***** RECORDS SUPPLIED *****

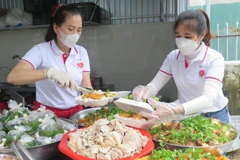 Nhóm Thiện Tâm chuẩn bị các phần cơm cho người có hoàn cảnh khó khăn. (Ảnh: Tường Vi/TTXVN)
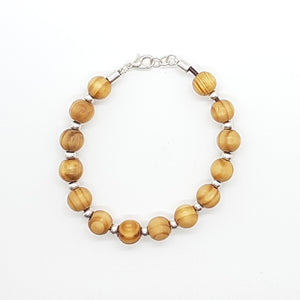 Pulsera bolitas de madera y zamak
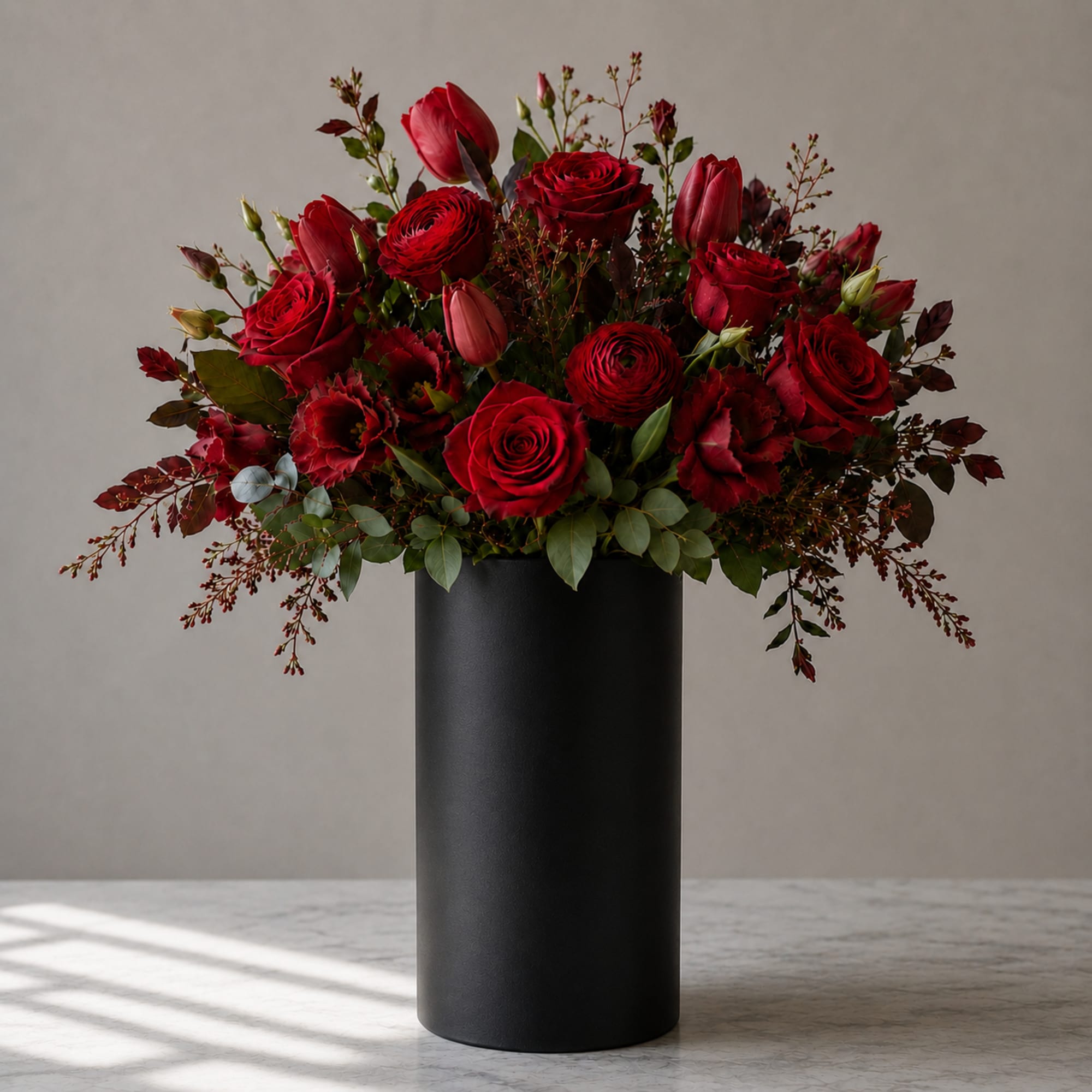 Red roses and tulips arranged in a tall black vase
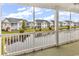 Charming patio overlooking a picturesque pond and well-maintained grounds at 4936 Crab Pond Ct. # 201, Myrtle Beach, SC 29579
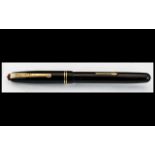1950's Waterman's Fountain Pen, with a 14ct W-2A gold nib. Black with gilt trim.
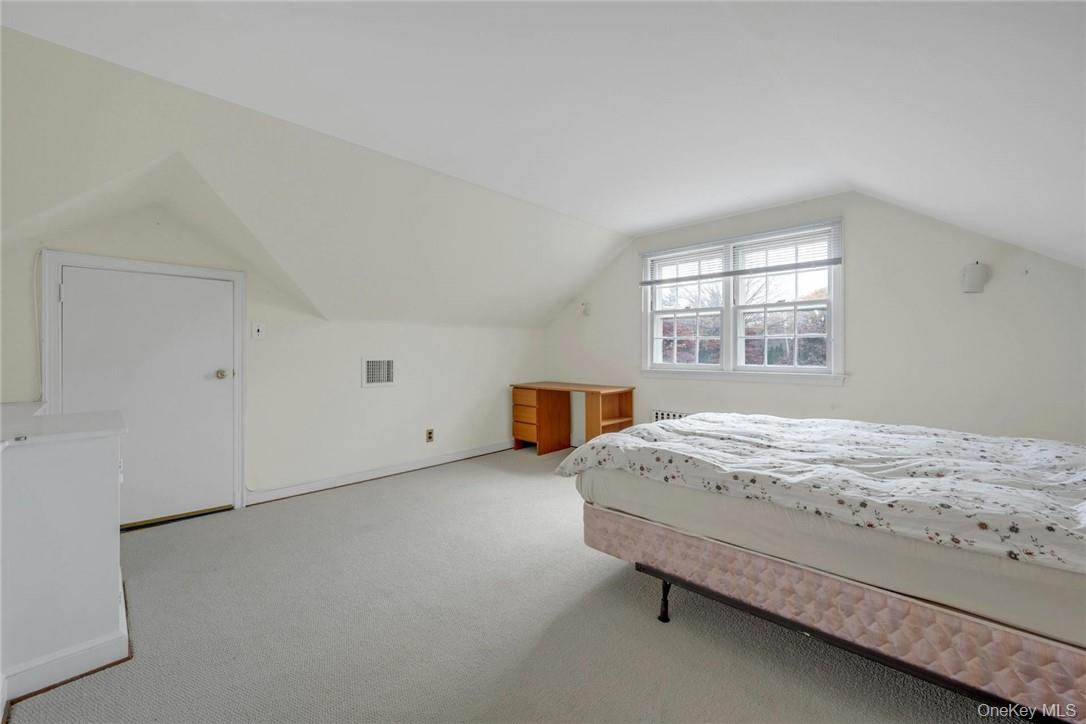 29 Old Orchard Road Rye Brook, NY 10573 - Photo 16 of 32 a bedroom with a bed and window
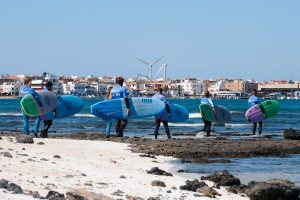 Surfklasse auf dem steinigen Weg ins Wasser Surfklasse auf dem steinigen Weg ins Wasser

*****

_EXERCISE REQUIREMENTS:_ An exact copy is needed of every line from the line containing "Charming patio overlooking" to the last line of the records; pictures stay out of it.

_EXERCISE SOLUTION:_
 Charming patio overlooking a picturesque pond and well-maintained grounds at 4936 Crab Pond Ct. # 201, Myrtle Beach, SC 29579
1950's Waterman's Fountain Pen, with a 14ct W-2A gold nib. Black with gilt trim.
 29 Old Orchard Road Rye Brook, NY 10573 - Photo 16 of 32 a bedroom with a bed and window
 Surfklasse auf dem steinigen Weg ins Wasser Surfklasse auf dem steinigen Weg ins Wasser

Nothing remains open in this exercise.